Allah'ım, hayat dediğin şey ahiret hayatıdır. Muhacirlerle Ensara mağfiret et."

 

 

حدثنا عبد الله بن محمد: حدثنا معاوية بن عمرو: حدثنا أبو إسحاق، عن حميد: سمعت أنسا رضي الله عنه يقول:

 خرج رسول الله صلى الله إلى الخندق، فإذا المهاجرون والأنصار يحفرون في غداة باردة، فلم يكن لهم عبيد يعملون ذلك لهم، فلما رأى ما بهم من النصب والجوع، قال: (اللهم إن العيش عيش الآخرة. فاغفر للأنصار والمهاجره). فقالوا مجيبين له:

نحن الذين بايعوا محمدا - على الجهاد ما بقينا أبدا.

 

[-4099-] Enes r.a. dedi ki: "Resuluilah Sallallahu Aleyhi ve Sellem Hendek'e çıktığında muhacirlerle Ensarın soğuk bir sabah vaktinde hendeği kazdıklarını gördü .. Çünkü onların kendileri için bu işi yapacak köleleri yoktu. Onların oldukça yorgun ve aç olduklarını görünce dedi ki:

 

Allah'ım, gerçek hayat ahiret hayatıdır. Sen Ensara ve muhacirlere mağfiret et. Bunun üzerine onlar da ona cevap vererek:

 

'Bizler Muhammed'e bey'at edenleriz.

 

Hayatta kaldığımız sürece. cihat etmek üzere.' dediler."

 

 

حدثنا أبو معمر: حدثنا عبد الوارث، عن عبد العزيز، عن أنس رضي الله عنه قال:

 جعل المهاجرون والأنصار يحفرون الخندق حول المدينة، وينقلون التراب على متونهم، وهم يقولون:

نحن الذين بايعوا محمدا - على الأسلام ما بقينا أبدا

قال: يقول النبي صلى الله عليه وسلم، هو يجيبهم: (اللهم إنه لا خير إلا خير الآخرة. فبارك في الأنصار والمهاجره).

قال: يؤتون بملء كفي من الشعير، فيصنع لهم باهإلة سنخة، توضع بين يدي القوم، والقوم جياع، وهي بشعة في الحلق، ولها ريح منتن.

 

[-4100-] Enes r.a. dedi ki: "Muhacirlerle Ensar Medine'nin etrafında hendeği kazıyor, sırtlarında toprakları taşıyorken diğer taraftan şöyle diyorlardı:

 

'Bizler Muhammed'e bey'at edenleriz, Kaldığımız sürece ebediyyen İslam üzere.'

 

(Enes) dedi ki: Nebi Sallallahu Aleyhi ve Sellem de onlara cevap olmak üzere şöyle diyordu:

 

Allah'ım, ahiretin hayrı dışında hayır yoktur.
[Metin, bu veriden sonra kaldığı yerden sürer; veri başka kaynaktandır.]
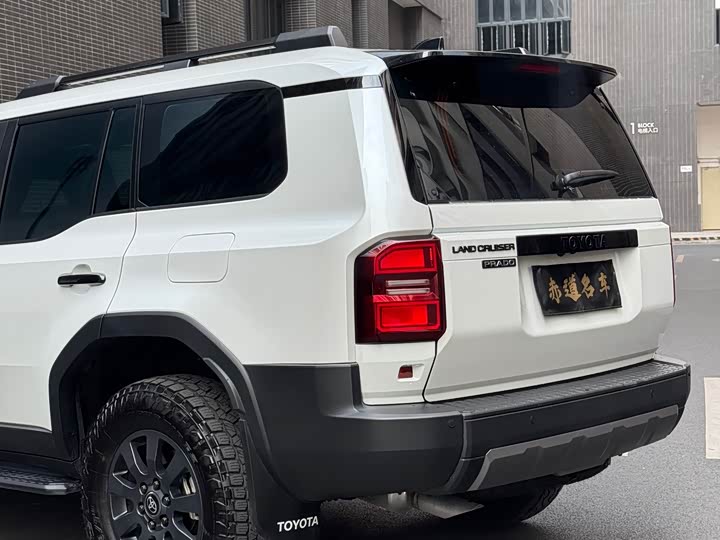 Toyota Prado 2025 2025款 2.4T 悍野WX版 5座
Sen Ensarı ve muhadrleri mübarek kıL.

 

(Enes) dedi ki: Onlara iki avuç dolduracak kadar arpa getirilir. Tadı değişmiş bir yağ ile onlara pişirilir, acıkmış oldukları halde önlerine koyulurdu. Yendiğinde de boğazı yakacak kadar kötü bir tadı ve kötü bir kokusu vardı."

 

 

Fethu'l-Bari Açıklaması:

 

"el-Ahzab gazvesi diye de bilinen Hendek gazvesi" Bununla bu gazvenin iki adının olduğunu kastetmektedir. Durum dediği gibidir, "Ahzab" bir taife, bir kesim anlamına gelen "hizb"in çoğuludur. Bu gazveye "Hendek" adının veriliş sebebi ise Nebi Sallallahu Aleyhi ve Sellem'in emri ile Medine'nin etrafında kazılan hendektir. Megazi sahiplerinin naklettiklerine göre bu görüşü ortaya atan kişi Selman'dır. Bu görüşü nakledenlerden birisi olan Ebu Ma'şer der ki: "Selman Peymber sallallahu aleyhi ve sellem'e dedi ki: Bizler Fars ülkesinde muhasara edilecek olursak şehrin etrafında hendek kazardık. Bunun üzerine Nebi sallallahu aleyhi ve'sellem'da Medine'nin etrafında hendeğin kazılmasını emretti. Müslümanları teşvik etmek üzere bizzat kendisi de çalıştı. Bu sebeple Müslümanlar da onu bitirinceye kadar hızlıca çalıştılar. Müşrikler gelip onları muhasara ettiler."

 

Bu gazveye "Ahzab" adının verilmesine gelince, bu da Müslümanlarla savaşmak üzere çeşitli müşrik taifelerinin bir araya gelip toplanmaları dolayısı iledir.

 

Bunlar Kureyş, Gatafan, Yahudiler ve bunlara tabi olanlardır. Şanı yüce Allah bu kıssa ile ilgili olarak Ahzab sOresinin baş taraflarını indirmiş bulunmaktadır.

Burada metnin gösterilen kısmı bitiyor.